Sorting
Table of Contents
1. Sorting
Sorting solves the problem of putting a set of elements in order. To put a set of elements in order, there must be some relation \(<\) that we can define for those elements that satisfy two conditions:
- Law of Trichotomy: Exactly one of \(a < b\), \(a = b\), or \(b < a\) is true.
- Law of Transitivity: If \(a < b\) and \(b < c\), then \(a < c\).
An inversion is a pair of elements that are out of order with respect to our relation \(<\).
2. Comparison Sorts
2.1. Selection Sort
To selection sort \(N\) items, we:
- Find the smallest item in the unsorted portion of the array.
- Swap it to the end of the sorted portion of the array.
- Selection sort the remaining unsorted items.
The time complexity of selection sort is \(N + (N-1) + \cdots + 1 = \Theta(N^2)\), and the space complexity is \(\Theta(1)\) because we do not need extra memory.
2.2. Heap Sort
Selection sort is inefficient because we have to search the entire unsorted array for the smallest item every time. The fix is to first insert all the items into a max heap.
To heap sort \(N\) items, we can then:
- Delete largest item from the max heap.
- Put deleted item at the first open slot starting from the end of our output array.
The time complexity of heap sort is \(O(N \log N)\). The space complexity of heap sort is the memory we need to build the copy of our data, so it is \(\Theta (N)\).
2.2.1. In-Place Heap Sort
To increase memory efficiency, instead of using a separate output array, we can use the same input array and sort in-place. First, we can create a complete binary tree directly using the elements in our input array, and then “heapify” the result. To do this, we:
- Sink nodes in reverse level order.
- After sinking, we guarantee that the tree rooted at that node is a heap.
Now that we have our heap, we can run heap sort in-place like so:
- Delete largest item from the max heap by swapping the root with the last item in the heap.
- Sink until the heap is valid again.
- Repeat for all \(N\) items.
Then, the resulting array is sorted:
Now, our space complexity is just \(\Theta(1)\) since we don’t need any extra memory.
2.3. Merge Sort
To merge sort \(N\) items, we:
- Split items into two roughly even pieces.
- Merge sort each half recursively.
- Merge the two sorted halves to form the final result
To merge two sorted halves together, we compare elements from the first half with elements from the second half, and build a new auxiliary array:
The time complexity for this is \(\Theta(N \log N)\), and its space complexity is \(O(N)\).
2.4. Insertion Sort
To insertion sort \(N\) items, we:
- Start with an empty output sequence.
- Add each item from the input, inserting into the output at the right point.

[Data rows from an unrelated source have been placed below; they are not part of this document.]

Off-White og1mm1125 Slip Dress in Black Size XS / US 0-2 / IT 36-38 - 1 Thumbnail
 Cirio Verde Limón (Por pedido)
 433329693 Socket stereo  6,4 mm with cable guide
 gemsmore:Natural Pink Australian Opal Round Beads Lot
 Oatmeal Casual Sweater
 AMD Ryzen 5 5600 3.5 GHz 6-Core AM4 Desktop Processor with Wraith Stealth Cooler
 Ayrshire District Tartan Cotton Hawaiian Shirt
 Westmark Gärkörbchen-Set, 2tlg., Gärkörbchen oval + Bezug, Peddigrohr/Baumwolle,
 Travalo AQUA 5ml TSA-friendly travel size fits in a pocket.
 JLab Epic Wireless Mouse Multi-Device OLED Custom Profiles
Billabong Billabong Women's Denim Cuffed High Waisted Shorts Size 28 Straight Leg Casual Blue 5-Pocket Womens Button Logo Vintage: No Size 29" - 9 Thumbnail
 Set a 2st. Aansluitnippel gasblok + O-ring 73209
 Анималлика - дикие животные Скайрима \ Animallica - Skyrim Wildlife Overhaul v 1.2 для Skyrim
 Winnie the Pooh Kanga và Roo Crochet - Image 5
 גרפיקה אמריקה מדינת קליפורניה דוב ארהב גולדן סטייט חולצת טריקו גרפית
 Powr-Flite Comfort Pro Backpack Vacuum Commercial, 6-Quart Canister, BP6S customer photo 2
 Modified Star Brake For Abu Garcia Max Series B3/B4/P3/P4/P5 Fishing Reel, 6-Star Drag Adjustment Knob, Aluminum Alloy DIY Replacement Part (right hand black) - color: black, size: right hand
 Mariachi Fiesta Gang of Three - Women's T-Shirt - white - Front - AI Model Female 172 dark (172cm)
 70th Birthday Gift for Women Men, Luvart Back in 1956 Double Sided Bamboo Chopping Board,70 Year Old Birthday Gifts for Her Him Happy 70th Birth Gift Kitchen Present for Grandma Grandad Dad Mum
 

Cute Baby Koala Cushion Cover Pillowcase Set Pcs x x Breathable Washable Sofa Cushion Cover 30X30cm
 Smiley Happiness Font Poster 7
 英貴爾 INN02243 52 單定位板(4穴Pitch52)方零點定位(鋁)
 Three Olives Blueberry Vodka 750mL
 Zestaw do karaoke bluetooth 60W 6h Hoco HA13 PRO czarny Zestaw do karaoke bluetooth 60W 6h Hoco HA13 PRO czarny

We can also do this in-place by maintaining a sorted and unexamined section of the input array. To insert, we can swap item backwards until it is in the right place among all previously sorted items:
The best case time complexity is \(\Theta(N)\) (when it is already sorted), and the worst case time complexity is \(\Theta(N^2)\). Realize that when an array that is almost sorted, insertion sort does very little work due to its best case time complexity. Additionally, for small arrays (\(N < 15\) or so), insertion sort is fastest.
2.5. Quicksort
The idea behind quicksort is that for an array, we can pick one item (called the pivot), get it in the correct spot, and then just ensure that the rest of the items are on the correct side:
If we then run quicksort recursively on the two subarrays on the left and right of the pivot, we end up with a sorted array. The process of picking the pivot to split the array up into left and right subarrays is called partitioning.
2.5.1. Naive Partitioning
Naively, we can simply create another array. Then, we can scan through the array, adding the elements smaller than our pivot at the front. Then, we add our pivot. Finally, we scan through the array again, adding all the elements greater than our pivot at the back.
2.5.2. Hoare Partitioning
A faster way is to have two pointers walk towards each other. The left pointer favors items smaller than the pivot, whereas the right pointer favors items larger than the pivot. The idea is that they walk towards each other, swapping anything they don’t like.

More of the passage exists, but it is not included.